Seventy years ago, Anne Frank made her final diary entry from her hiding place in Amsterdam on Aug. 1, 1944.
Anne lived in the Secret Annex at 263 Prinsengracht with her family for two years during the German occupation of the Netherlands in World War II, documenting her life faithfully in her diary during that time. In her last entry, Anne was introspective and wondered about how people would perceive her.
"I'm afraid that people who know me as I usually am will discover I have another side, a better and finer side. I'm afraid they'll mock me, think I'm ridiculous and sentimental and not take me seriously," she wrote.
"I'm used to not being taken seriously, but only the 'lighthearted' Anne is used to it and can put up with it: the 'deeper' Anne is too weak."
Three days later on Aug. 4, the SS, working on a tip from an informer who has never been identified, raided the hiding place. All eight people in hiding were arrested and sent to concentration camps. Anne Frank died at Bergen-Belsen concentration camp in Germany from typhus in March 1945.

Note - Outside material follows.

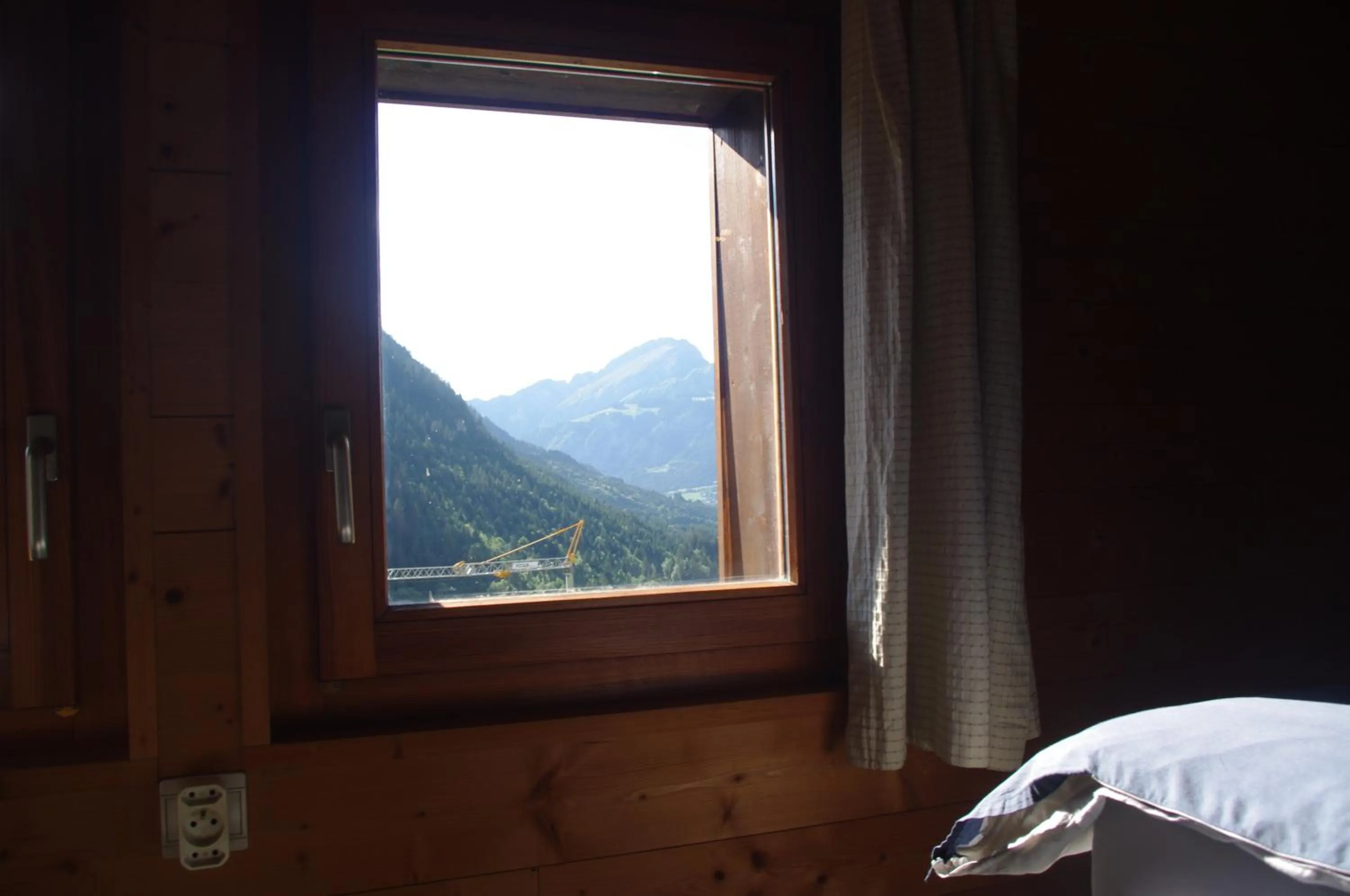 Mountain view, Bed in Central Hostel Chatel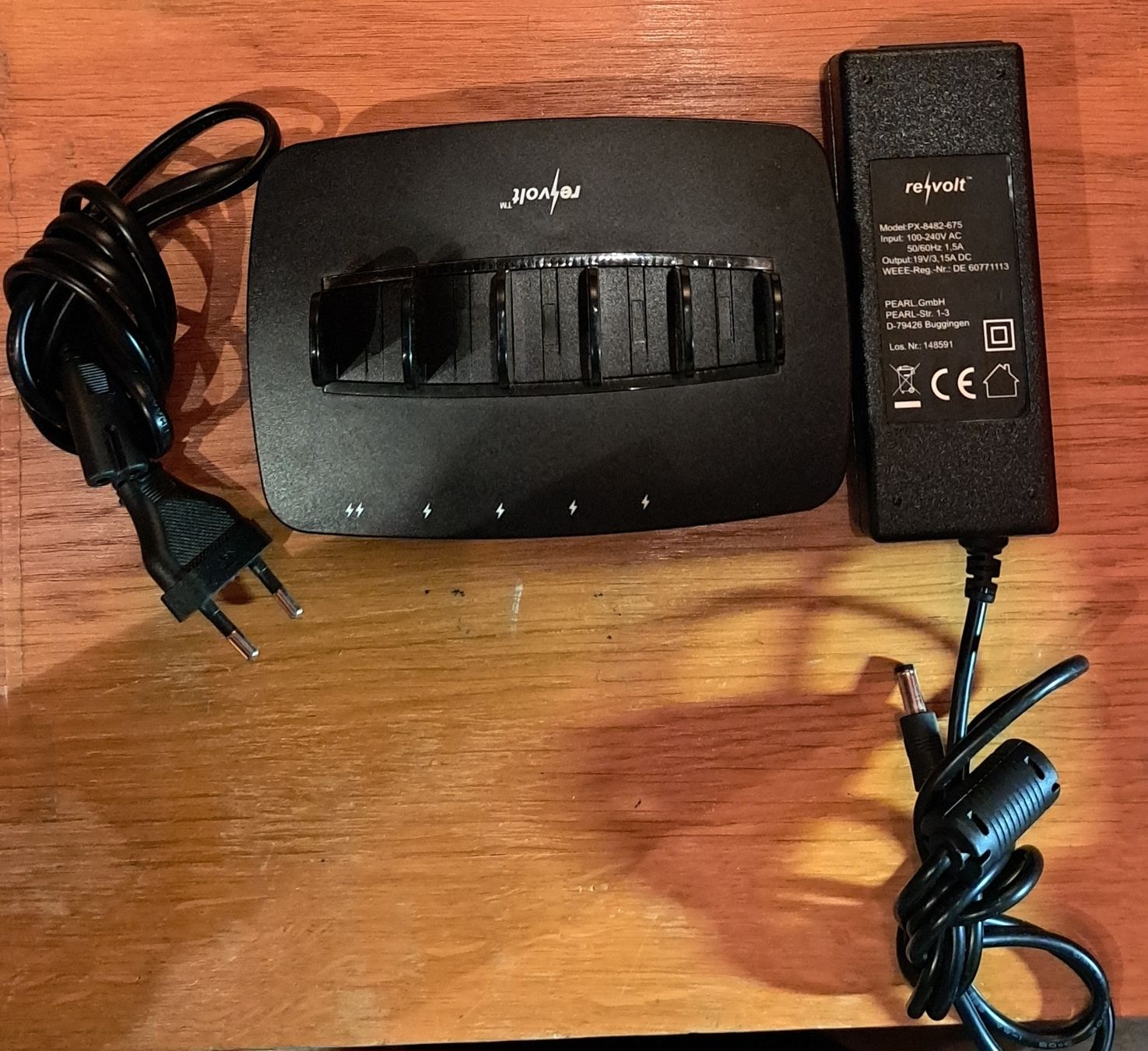 Ladegeräte: 5-Port-USB-Profi-Ladestation – Neu (gemäss Beschreibung) aus Langnau i. E. von Ernstlemann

Her father, Otto, was the only person from the hiding place to survive. He returned to Amsterdam and recovered Anne's diary, which he published for the first time in the Netherlands on June 25, 1947.
Since then, Anne's diary has inspired films and stage performances. The diary has been translated into at least 67 languages and more than 30 million copies have been sold, according to the Anne Frank Center USA.